Laïcité - Le Conseil d'Etat éclaire les relations collectivités/Eglises
Trélazé (commune du Maine-et-Loire), Lyon, la communauté urbaine du Mans, Montpellier et Montreuil : le Conseil d'Etat a examiné cinq pourvois touchant aux relations entre les collectivités et les communautés religieuses. Des affaires correspondant à des situations diverses ne concernant pas toutes le même culte, ni le même type d'opérations. Cinq décisions ont été rendues le 19 juillet. Le Conseil d'Etat a donné raison aux collectivités dans tous les cas. "La loi du 9 décembre 1905 est toujours pleinement opérante", a cependant assuré Jean-Marc Sauvé, vice-président du Conseil d'Etat. "Il n'y a pas de nouvelles interprétation de la loi", a renchéri le rapporteur public, Edouard Geffray, qui avait préconisé une approche conforme à "l'équilibre complexe, subtil et libéral".
Trois pourvois étaient formés par des municipalités dont les décisions avaient été annulées par des cours administratives d'appel. Le Conseil d'Etat a jugé leurs pourvois valables et a renvoyé les affaires vers les cours d'appel afin qu'elles les examinent de nouveau. Le premier cas concernait la commune de Trélazé dont le conseil municipal avait décidé l'acquisition et la restauration d'un orgue en vue de l'installer dans l'église communale. Pour la communauté urbaine du Mans, c'est sa participation au financement d'un abattoir pour ovins à l'occasion des fêtes musulmanes de l'Aïd el-Kébir qui était contestée. La ville de Montpellier défendait sa décision de faire construire une salle polyvalente, par la suite utilisée par une association pour l'exercice d'un culte (en l'occurrence comme mosquée). A Lyon, le dossier portait sur une subvention de la ville à l'installation d'un ascenseur destiné à faciliter l'accès à la basilique de Fourvière. La dernière affaire concernait l'octroi d'un bail emphytéotique à la fédération cultuelle des associations musulmanes de Montreuil (Seine-Saint-Denis) pour l'édification d'une mosquée.
L'intérêt public local
Les décisions du Conseil d'Etat livrent deux enseignements, a expliqué Jean-Marc Sauvé. Le premier est que "la loi de 1905 prévoit elle-même expressément des dérogations ou doit être articulée avec d'autres législations qui y dérogent ou y apportent des tempéraments". Le second est bien que les collectivités peuvent financer les dépenses d'entretien et de conservation des édifices servant à l'exercice public d'un culte ou accorder des concours aux associations cultuelles pour des travaux de réparation d'édifices cultuels, mais "à condition que ces décisions répondent à un intérêt public local et qu'elles respectent le principe de neutralité à l'égard des cultes et le principe d'égalité". En revanche, il leur est interdit d'apporter toute libéralité, c'est-à-dire toute aide financière, à l'exercice d'un culte.

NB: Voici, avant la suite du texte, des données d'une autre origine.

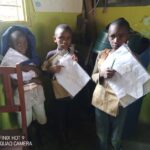 Schulkinder in Tansania zeigen stolz ihre neuen Schulmaterialien, die durch die Spenden ermöglicht wurden.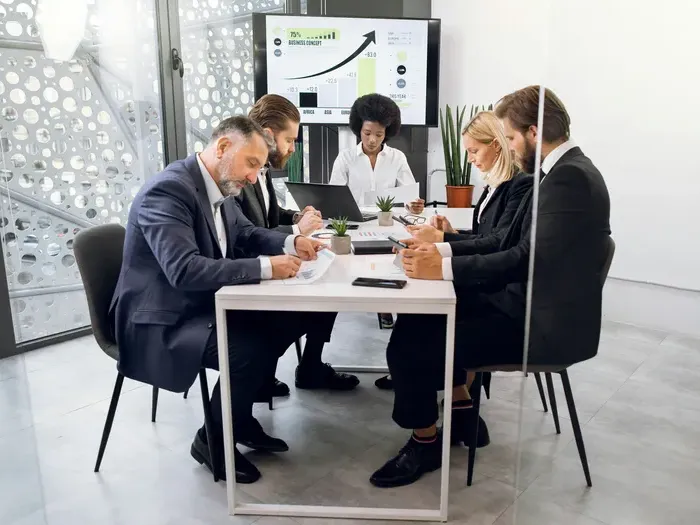 Executives review charts and documents at a small table during a presentation, demonstrating services on City Directory Guide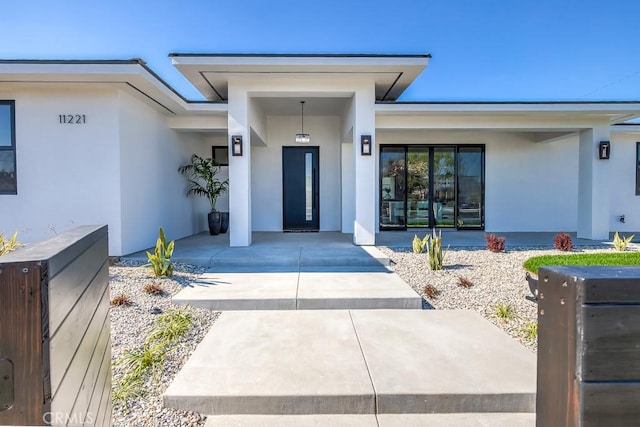 entrance to property featuring stucco siding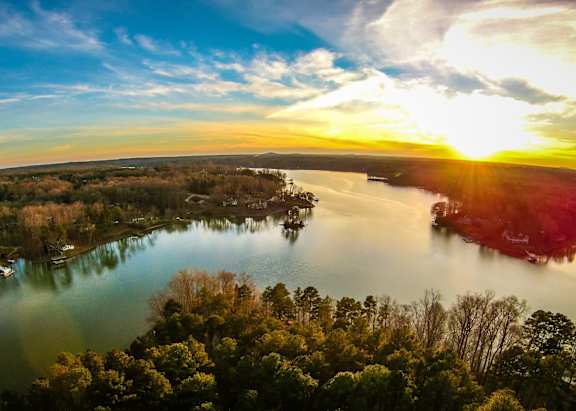 A beautiful sunset over a lake with boats and trees.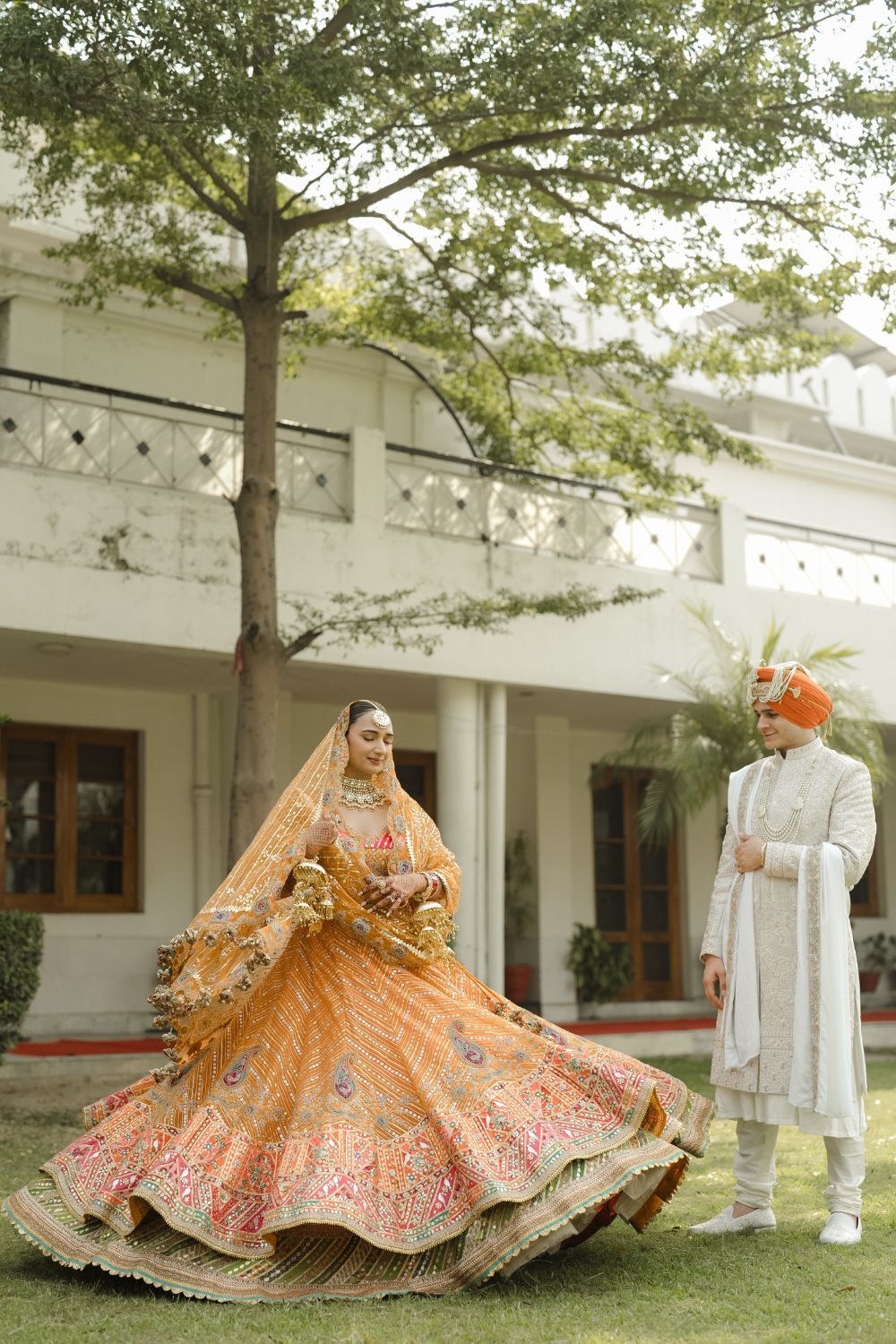 Bride in orange embroidered lehenga twirls joyfully as groom in ivory sherwani watches outdoors.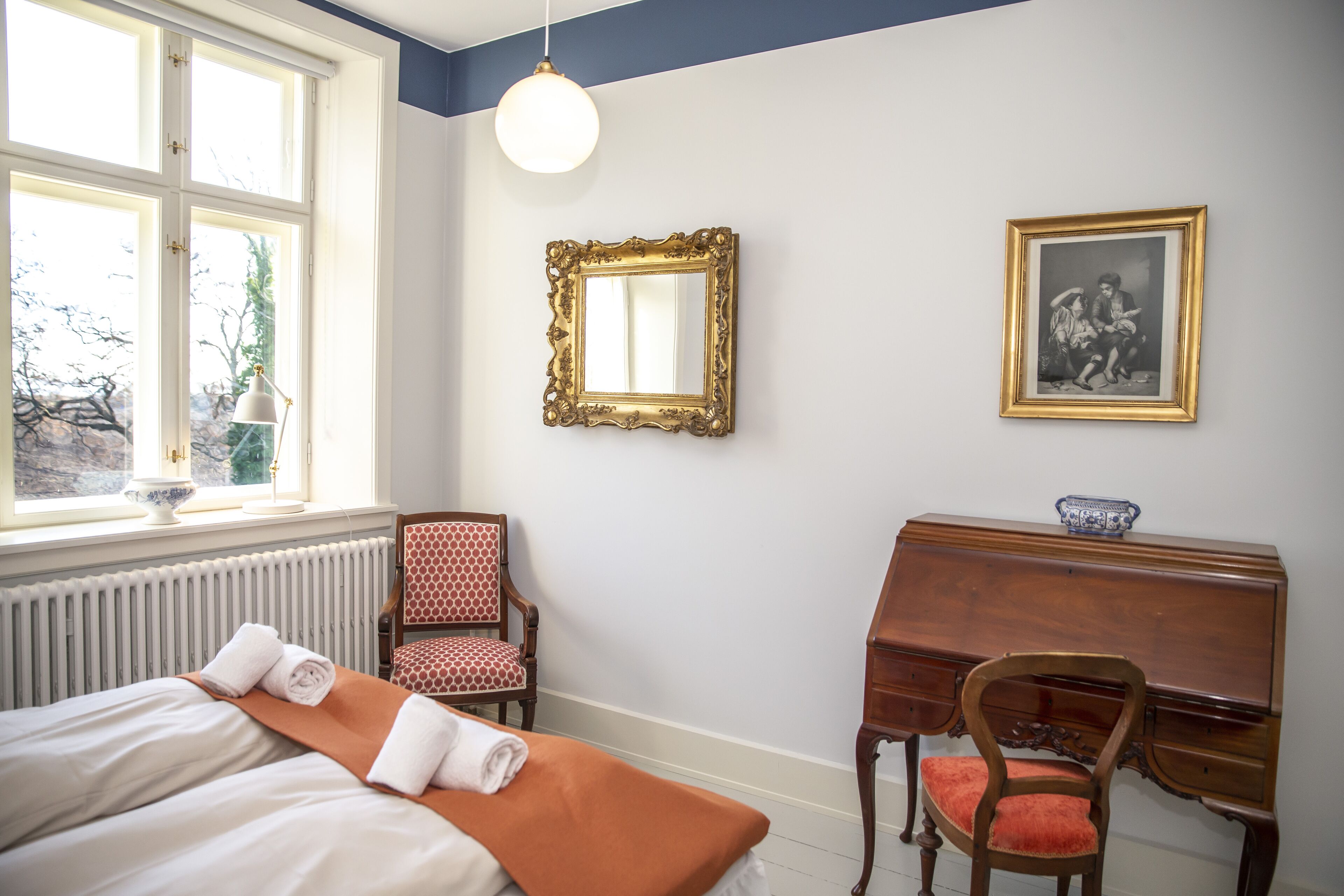 Habitación de hotel con cama, escritorio, silla, espejo y ventana con vista a árboles.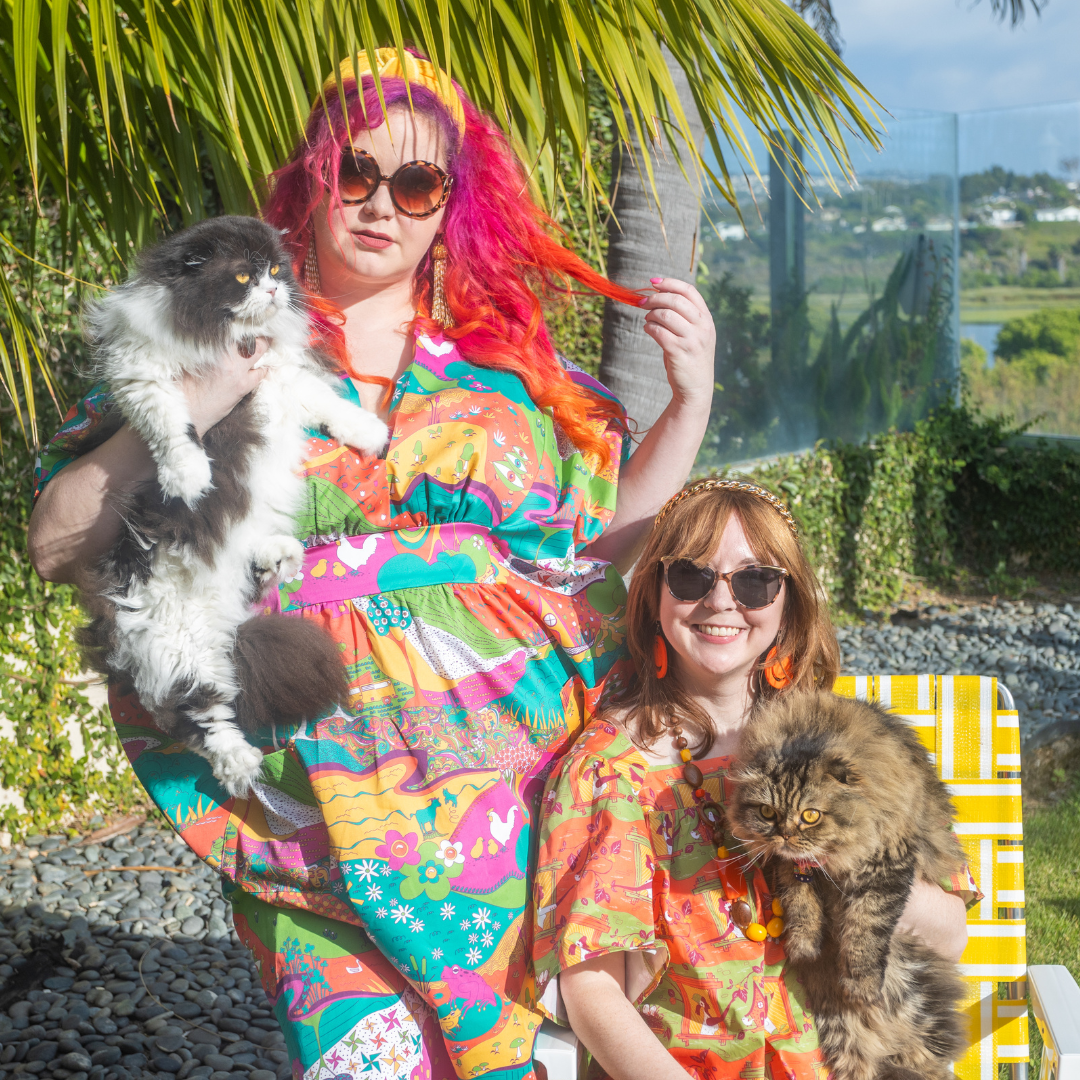 Model in colorful caftan and model in colorful dress, both holding cats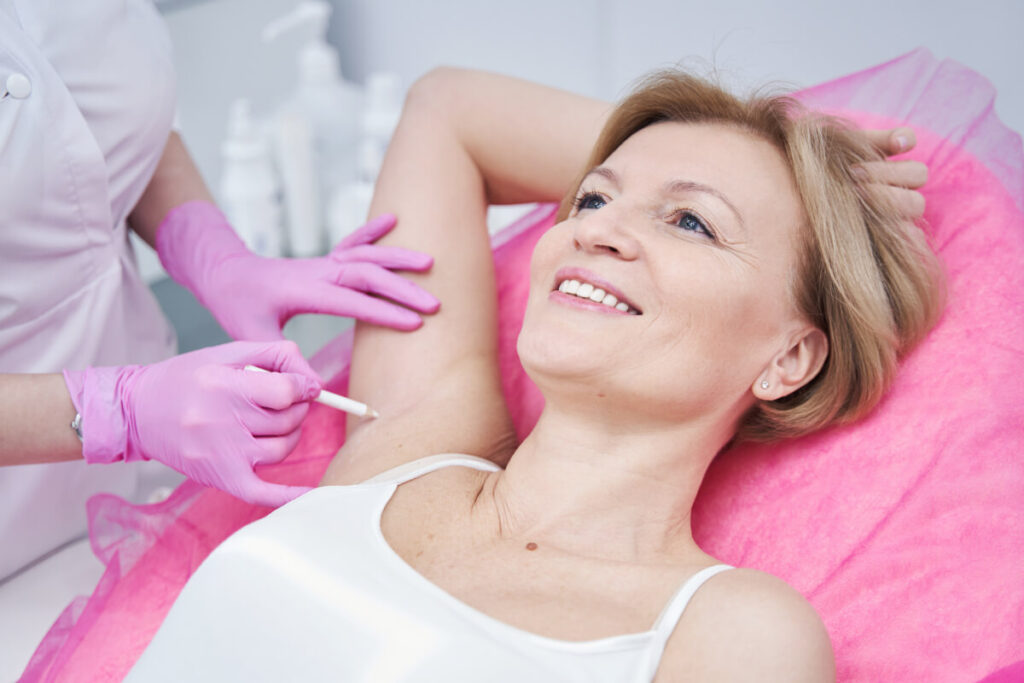 professional cosmetologist drawing lines for botox procedure for underarms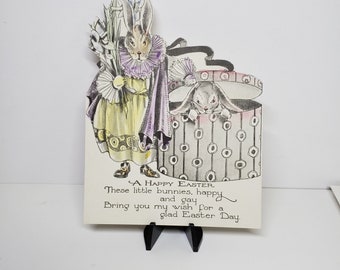 Colorful art deco die cut 1920's-30's easter greeting card shows an anthropomorphic rabbit dressed as a delivery boy with pot of lilies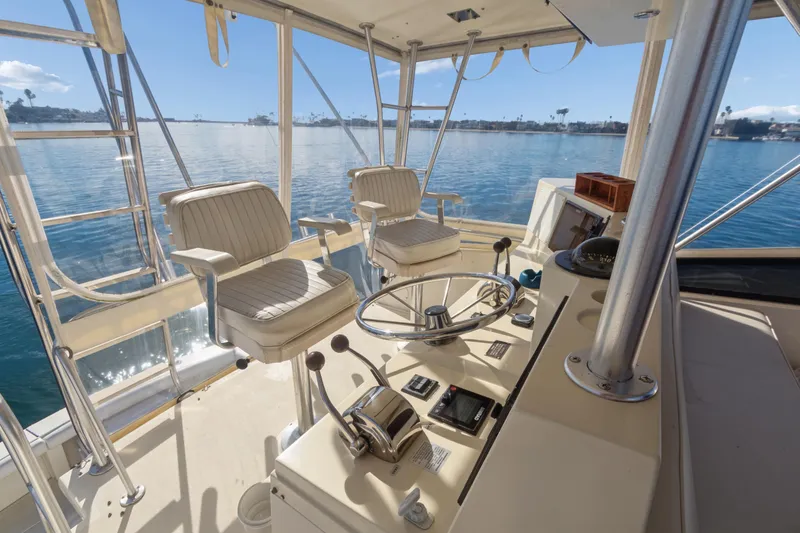 Slide: The Image of Helm of 1988 Viking 48 Convertible yacht with dual captain chairs and ocean view. - 13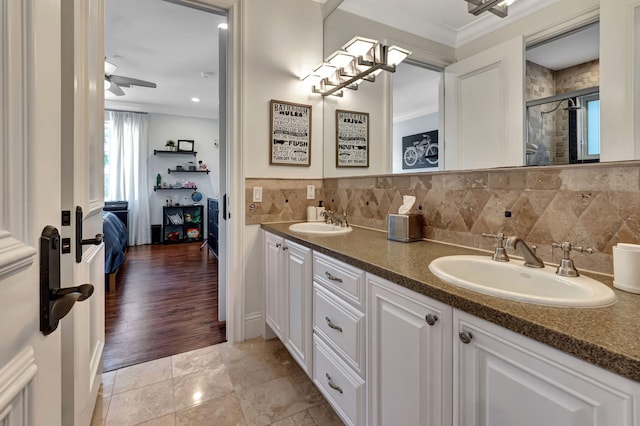 bathroom with decorative backsplash, ceiling fan, ornamental molding, and vanity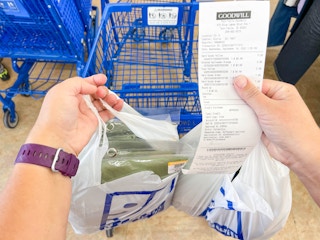 a goodwill receipt being held with shopping bag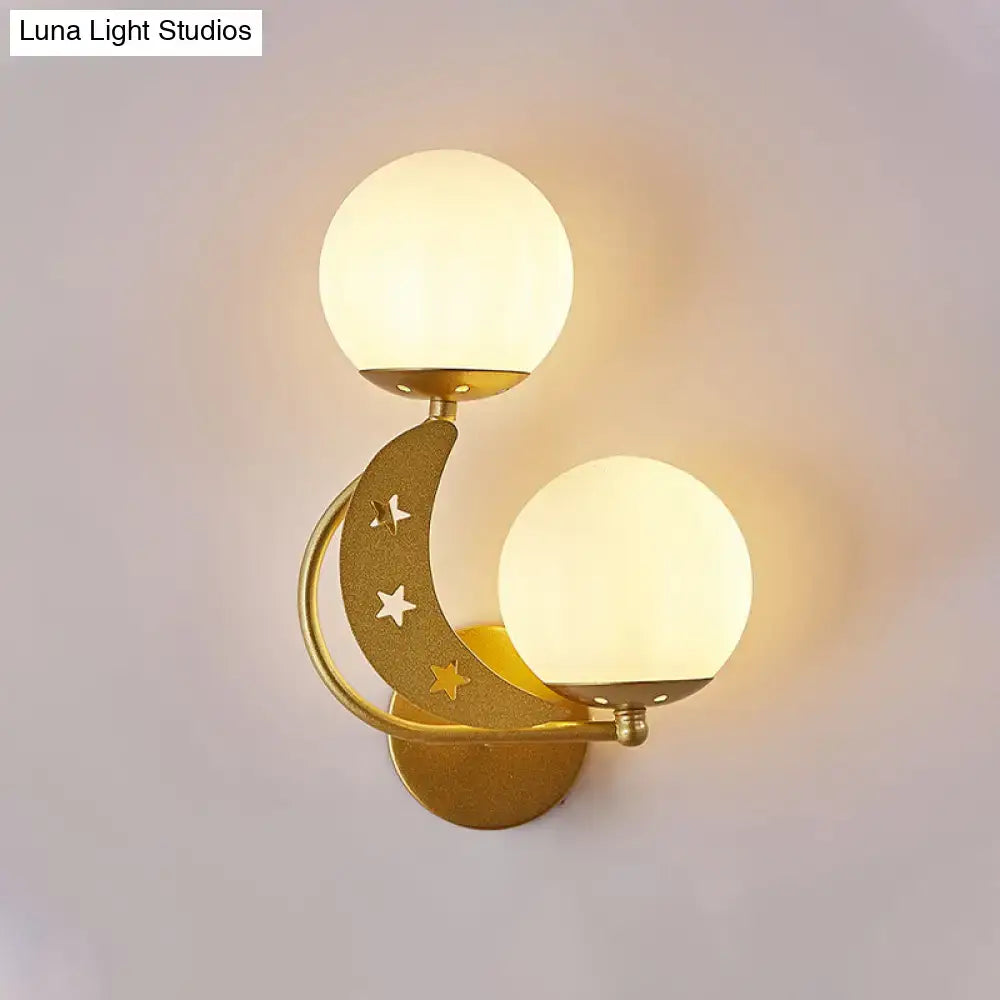 Gold-toned crescent moon wall lamp with milky glass ball shades and star cutouts for modern bedroom lighting
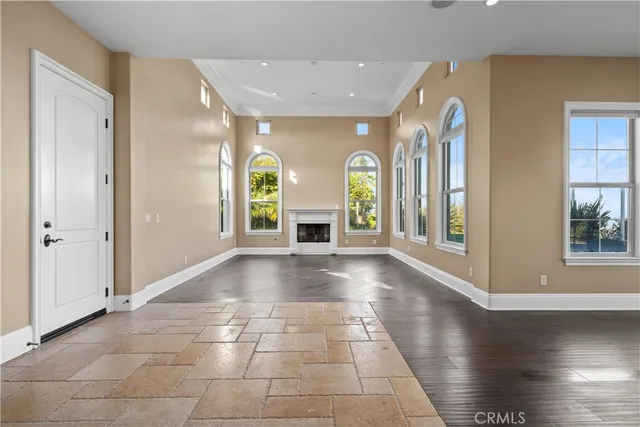 a view of an empty room with window and fire place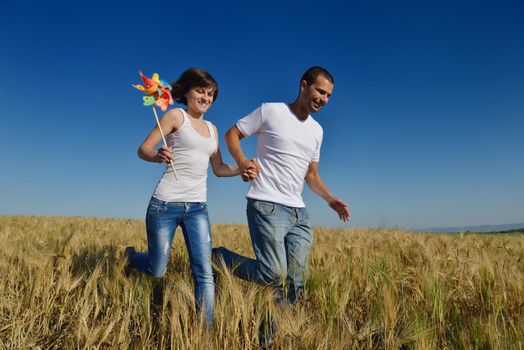 happy young couple in love have romance and fun at wheat field in summer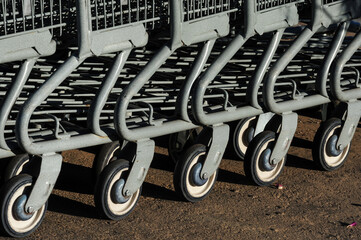 Close-up of nested shopping cart wheels aligned on pavement, suggesting preparation for customer...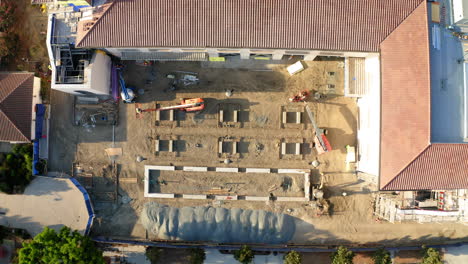 aerial view of a construction site with buildings and machinery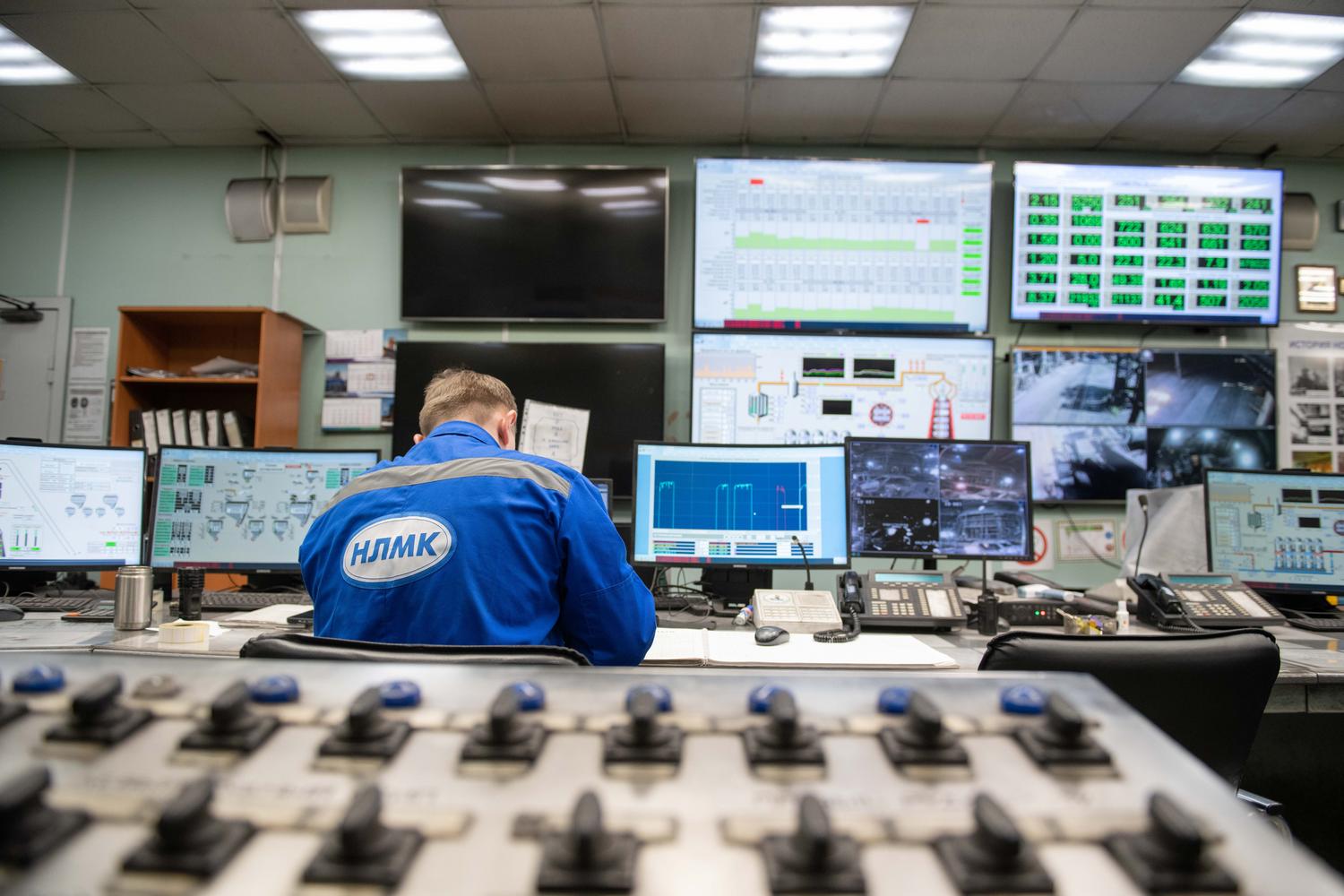 Ingeniero supervisando múltiples pantallas de control en una sala de mando industrial para la monitorización de datos en tiempo real.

Ainsi, il existe un intérêt public local à Trélazé car l'orgue servira à des cours ou des concerts. De même, au Mans, l'intérêt public local est reconnu avec la nécessité que "les pratiques rituelles soient exercées dans des conditions conformes aux impératifs de l'ordre public, en particulier de salubrité et de santé publiques". A Lyon, l'intervention de la commune est légitime en raison de la place qu'occupe la basilique de Fourvière pour "le rayonnement culturel et le développement touristique et économique de la ville". La basilique est le premier site touristique de la région avec deux millions de visiteurs par an.
Concernant la mosquée de Montreuil, Jean-Marc Sauvé a rappelé que les collectivités pouvaient conclure un bail emphytéotique avec pour contrepartie une redevance (d'un montant modique puisque le titulaire n'exerce pas une activité à but lucratif) et l'incorporation de l'édifice dans le patrimoine de la collectivité à l'expiration du bail, soit 99 ans. "450 églises catholiques ont bénéficié de ce système postérieurement à la loi de 1905, sans que cela ait jamais donné lieu à contentieux", a-t-il argumenté.
Ces décisions interviennent alors qu'on constate "depuis deux ou trois ans une augmentation du nombre de litiges sur les aides financières de collectivités à des projets liés aux cultes religieux", a analysé Jean-Marc Sauvé. L'explication selon lui, est l'évolution de la société depuis 1905, l'enrichissement de l'environnement normatif et surtout l'affirmation de la place des collectivités "qui ne peuvent dorénavant ignorer le fait religieux".